Quand Québec a placé Andrée-Lise Méthot à la tête du Fonds d'action québécois pour le développement durable en 2000, la passionnée d'écologie en était à sa première expérience dans le monde de la finance. «J'avais un compte bancaire de 45 millions de dollars, un décret gouvernemental... et rien d'autre !»

L'ingénieure a appris le métier. Et elle a dû réfléchir à la meilleure façon de dépenser les fonds gouvernementaux réservés à l'un des trois volets du Fonds, celui de l'aide aux entreprises de technologies vertes. «Je pense que c'est là que l'histoire de Cycle Capital a commencé», dit-elle.

Sous sa direction, le Fonds a financé 150 projets, dont «des entreprises d'économie sociale, des bourses pour des stages, un volet d'infrastructures, les premiers organismes de bassins versants... Mais j'avais moins confiance - et j'étais beaucoup moins outillée - pour octroyer des subventions à des entreprises privées», dit la femme d'affaires de 45 ans.
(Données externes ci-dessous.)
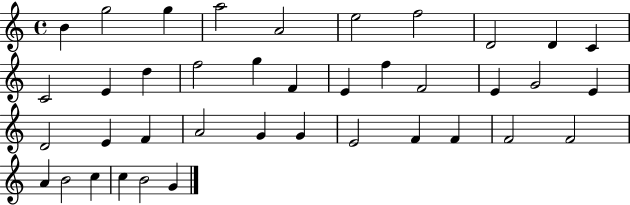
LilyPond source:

Elle a donc décidé que ces fonds devaient être investis selon une logique financière : participer au risque, pour obtenir du rendement. Avec l'appui du Fonds de solidarité FTQ et de Fondaction, Andrée-Lise Méthot a donc démarré le Fonds d'investissement en développement durable, doté d'un modeste capital de 18 M$. L'ingénieure écologiste devenait capital-risqueuse.

Transformer les «non» en «oui»

«Vers 2005, je me suis rendu compte qu'il manquait quelque chose pour avoir du rendement, dit-elle. Les autres fonds de capital de risque avaient des tailles beaucoup plus importantes, dit-elle. J'étais prête à faire l'effort d'essayer de lever des capitaux.»

Sept ans plus tard, le FIDD, rebaptisé Cycle Capital, gère 122 M$.

La société achève de monter un troisième fonds. L'objectif : amasser de «150 à 200 M$» supplémentaires pour investir dans d'autres entreprises de technologies vertes.

Et ce n'est pas une sinécure. «Les collectes de fonds, c'est extrêmement difficile, dit Andrée-Lise Méthot. Ça commence toujours par un non. Le défi, c'est de transformer ce "non" en "noui", puis en "oui" !»

La clé : «Comprendre comme il faut les besoins des entreprises qui investissent», dit-elle. Les grandes entreprises qui participent à ces fonds y voient en fait plusieurs avantages. «Ça leur permet de faire une veille sur les technologies propres, de proposer des technologies issues de leurs centres de recherche et d'explorer d'autres secteurs», énumère la femme d'affaires. Dernier argument, et non le moindre : le but du fonds est de produire un rendement, que les partenaires encaisseront !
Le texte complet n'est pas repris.